22.The decisions referred to or relied on repeat the legal position that interference by Court in the recruitment process is limited only to cases where the oblique motives and the injustices proven are apparent. In this regard, of course allegations are made regarding lack of transparency and recruitment for extraneous considerations. But, without specific allegations being made, it is difficult for us to entertain these allegations. Had the alleged wide scale corruption or lack of fair-play in selection been obvious, we would not have hesitated to interfere and the decisions where it is laid down that in service jurisprudence writ petitions in the guise of public interest litigation cannot be entertained would not have restrained us. But, in this case it appears to be only a grievance of the disappointed candidates, and nothing more else and in those circumstances, we cannot permit it as a public interest litigation. It is more in the nature of an ordinary writ petition. The facts placed before us only indicate that the Rules and the procedures have been followed when recruitment was made to as many as 1707 posts and when there are so many unemployed persons have been waiting for more than 17 years, there is bound to be some heart burning and frustration. But on that ground we cannot quash the entire selection process.

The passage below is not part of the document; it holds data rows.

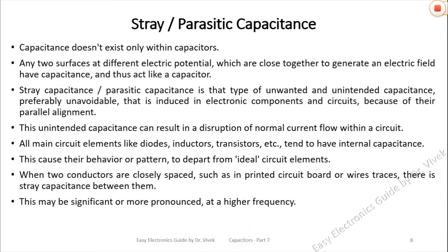Parasitic capacitance is that type of unwanted, unavoidable, and unintended capacitance that is induced in electronic components and circuits because of their parallel alignment. This causes their behavior or pattern to depart from ideal circuit elements, and this unintended capacitance can result in the disruption of normal current flow within a circuit.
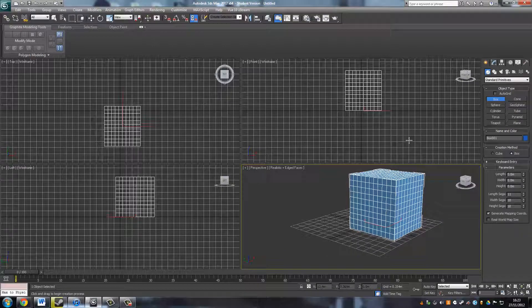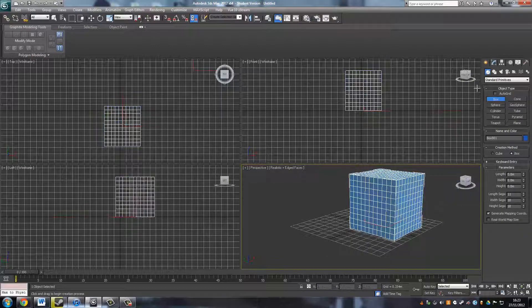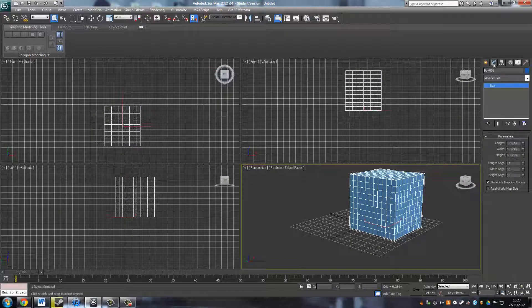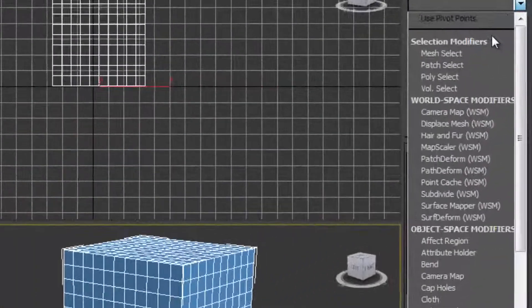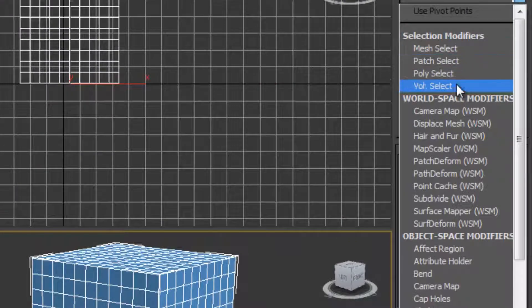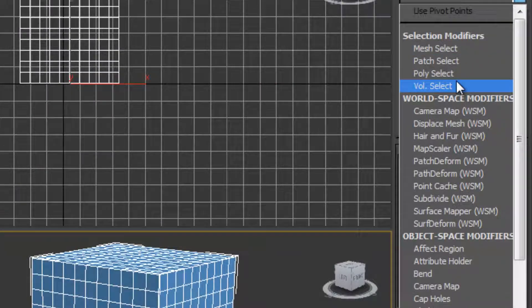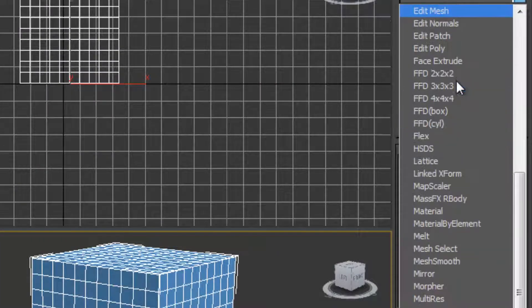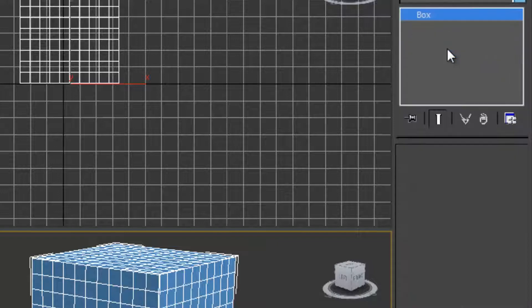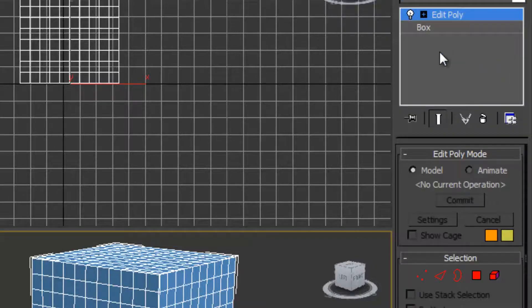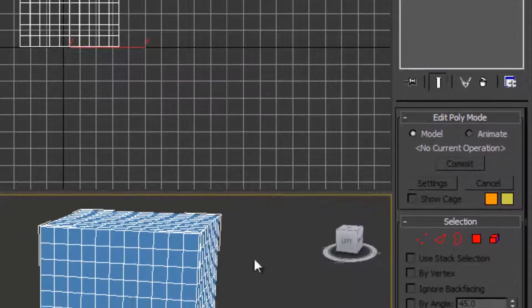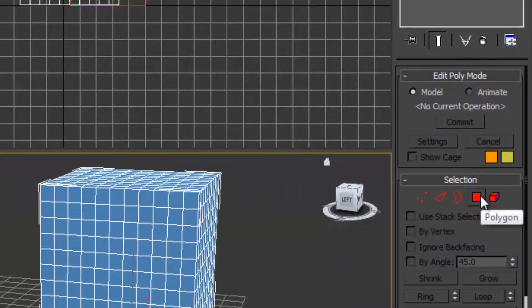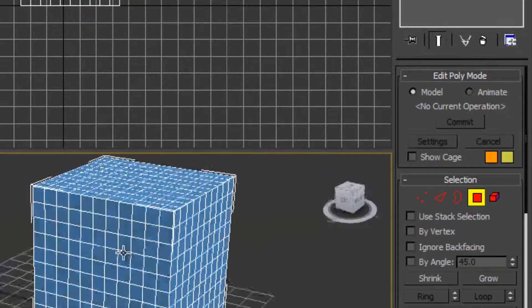So I'm going to click on the box, modifiers again. Same as the last time for the other cylinder, I'm going to use the edible poly. Now for extrusion modeling, you just want to select the polygons.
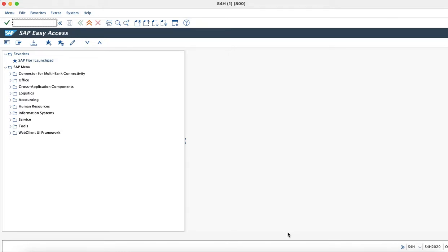Once we have enabled the usage of spaces and pages using the task list SAP Fiori Foundation S4, our next goal is to configure the Managed Launchpad Spaces and Managed Launchpad Pages apps so that the Fiori administrator can use them to create custom Fiori spaces and pages. For this, we have a pre-delivered role from SAP which can be checked using the PFCG transaction.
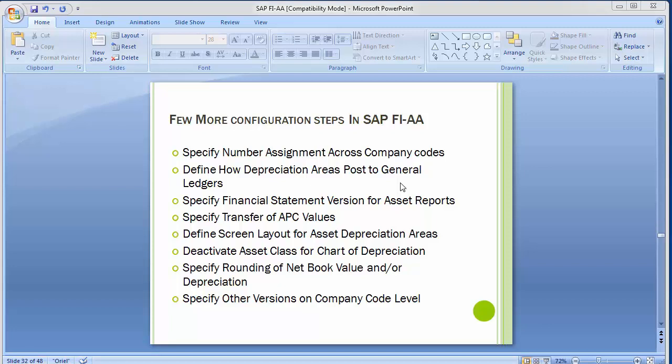Welcome to the next training session of SAP FICO module. In the last training session we completed asset accounting, going through each configuration step, unit testing, and business processes. Today's topic covers a few more configuration steps which as a consultant one should know in asset accounting. Most of these configuration steps are optional, but at times the client asks for them based on specific requirements.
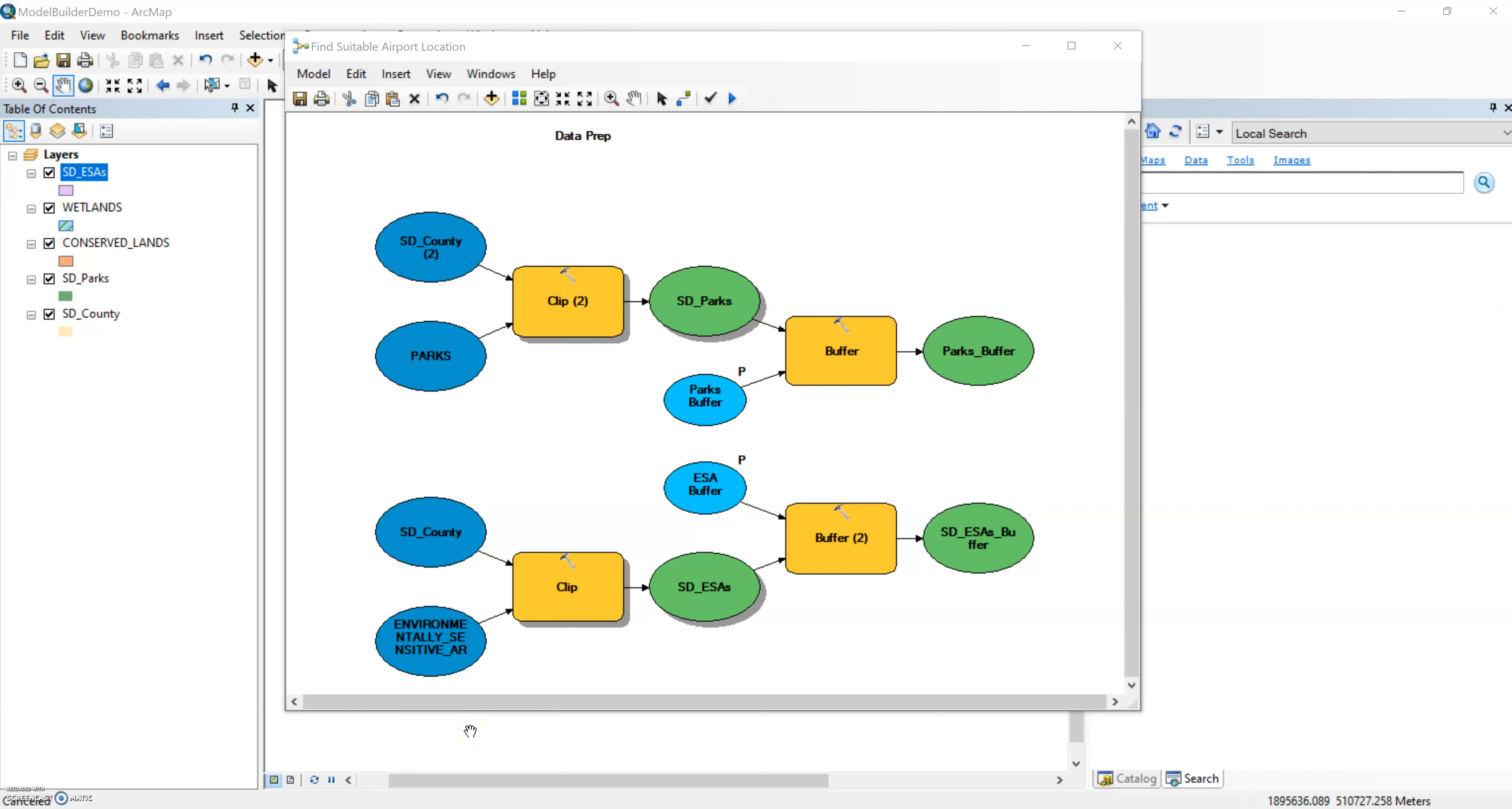One of the benefits of using models or any data automation process is that you can easily add to or edit your much larger GIS project just by changing something in the model. So here we are, probably where you are in your quest toward your site suitability final project at the start. We mentioned in the last class that I was going to be looking at the best location for a new airport in San Diego County.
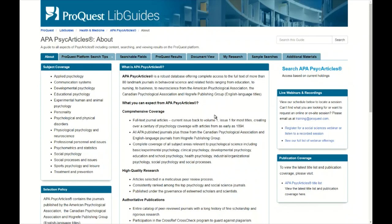And that's an overview of the ProQuest PsychArticles LibGuide and some of the features and information available on it.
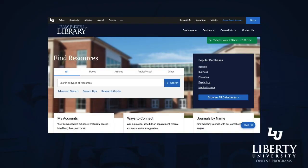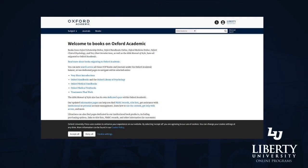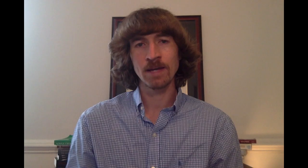Utilizing the Jerry Falwell Library, I was able to examine an array of sources related to Germany's political climate and decision making between 1918 and 1945. In doing so, I utilized two major databases: the Oxford Scholarship Online and Project Muse database.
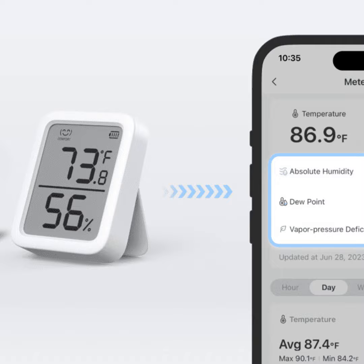Hello everyone. This is your host Tom here. Today on the Humid Homes podcast, I'm going to tell you a little bit about some additional factors to consider when monitoring the environment in your home beyond just temperature and humidity.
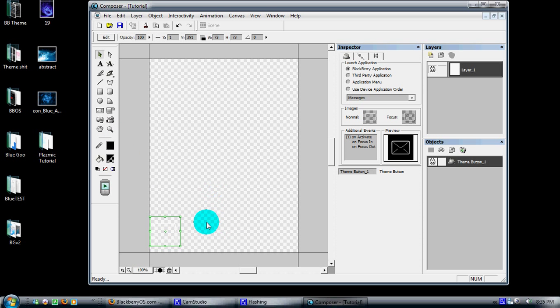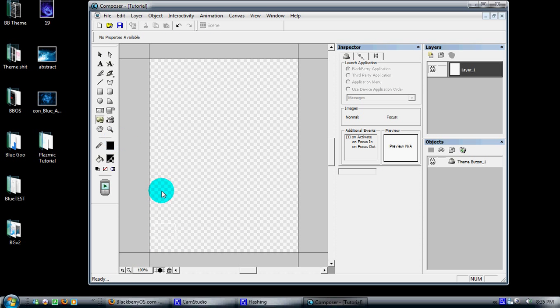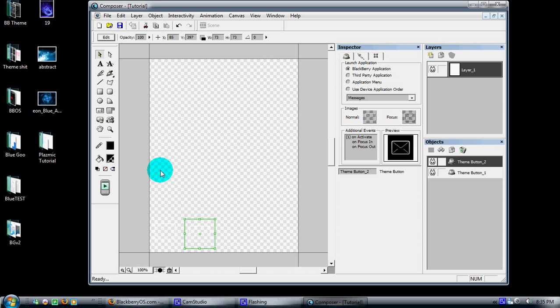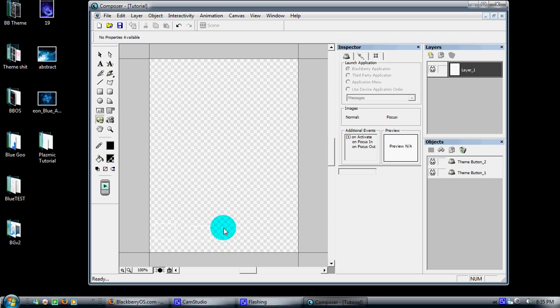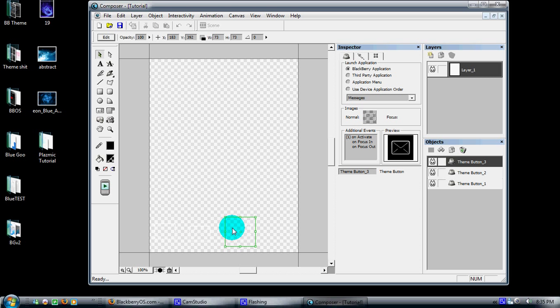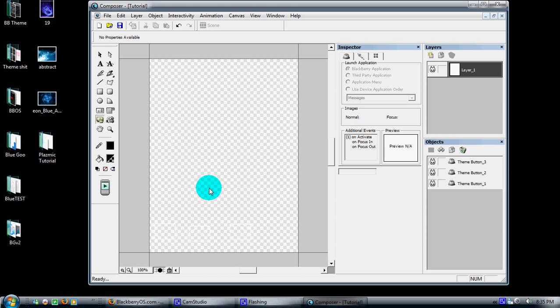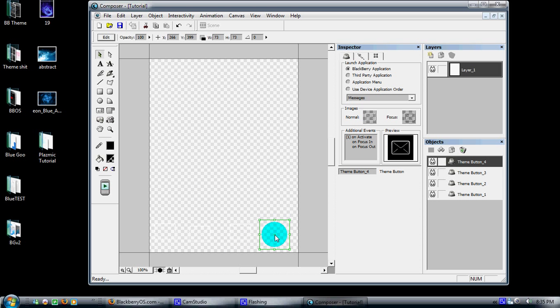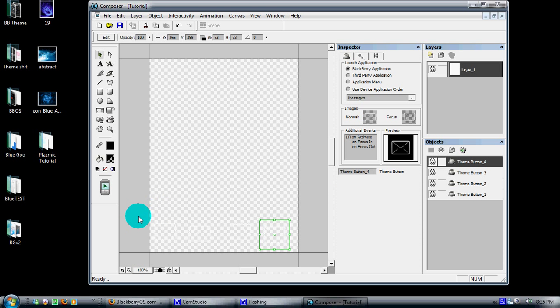Every time you want to place a new one, just come back over, click on it, and place it. I'm going to go ahead and make a quick placement of four of them here, just like you'd have in a normal dock.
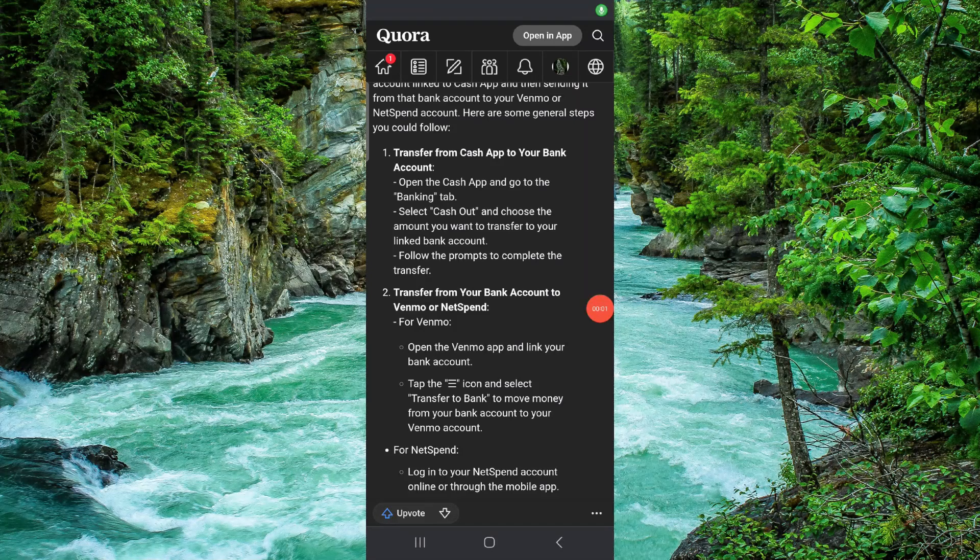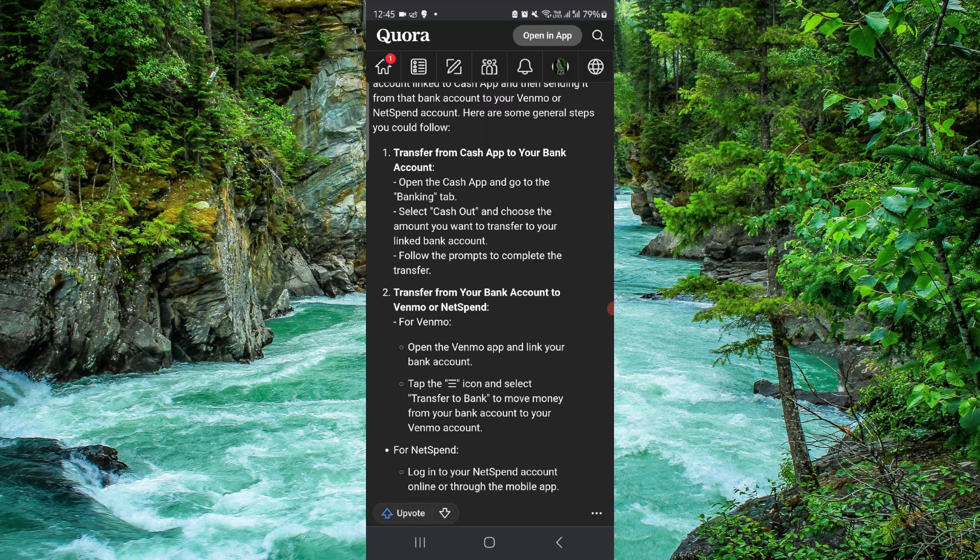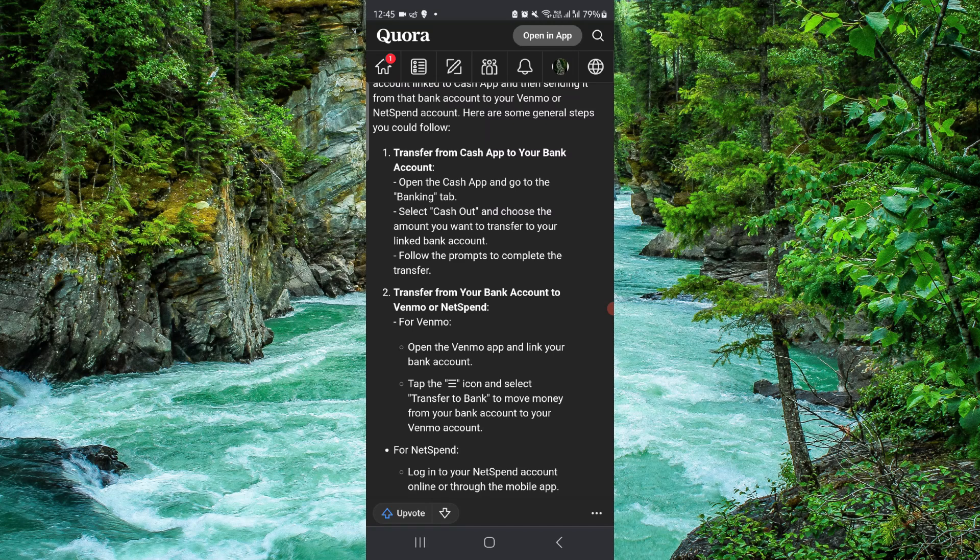Hello and welcome back to my channel. In today's video, I will show you how to transfer money from Cash App to NetSpend. So let's get started. To connect, you have to follow this easy step.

23.From the above, we are able to see that

(a)the recruitment was only in accordance with the Rules.

(b)The Rules provide for drawing candidates only from Employment Exchange and this has been done. The Rules only provide for an oral interview and therefore non-conduct of written test cannot vitiate the selection process.

(c)The Supreme Court has held that there may be tests where the only proper method of selection may be viva voce test and therefore we cannot reject the selection purely on the ground that 50% of marks was allotted to oral interview.

(d)The Supreme Court has also held that it is for the Government to decide what kind of competitive examination would be appropriate in a given case.

(e)The selection of 1707 candidates have been made from out of a pool drawn in the ratio of 1:3 and this ratio has also been accepted by the Supreme Court, which has held that number of candidates to be called for interview cannot exceed twice or at the highest thrice the number of vacancies to be filled.

(f)The allegation of monetary consideration is vague and lacks details.

(g)The long wait of the candidates has been taken into consideration by the Government, which has given the benefit of age relaxation twice.

24.In these circumstances, we are unable to see any apparent mala fide or illegality in the selection process for us to quash it entirely, when more than 1000 persons have already been appointed and taken charge. The writ petition fails and the same is dismissed. No costs. Connected M.P. is also dismissed.

W.P.(MD)Nos.707, 1790, 1920, 2368, and 2983 of 2009 and 11449 and 17218 of 2008.

In view of the above order in W.P.(MD)No.5655 of 2009, these writ petitions are also dismissed. No order as to costs. Connected M.Ps. are also dismissed.

gb To

1.The Secretary, Government of Tamil Nadu, Department of Agriculture, Fort St.George, Chennai.

2.The Director/Commissioner of Agriculture, Department of Agriculture, Chepauk, Chennai.

3.The Commissioner of Employment and Training, O/o.Directorate of Employment and Training, Guindy, Chennai-32.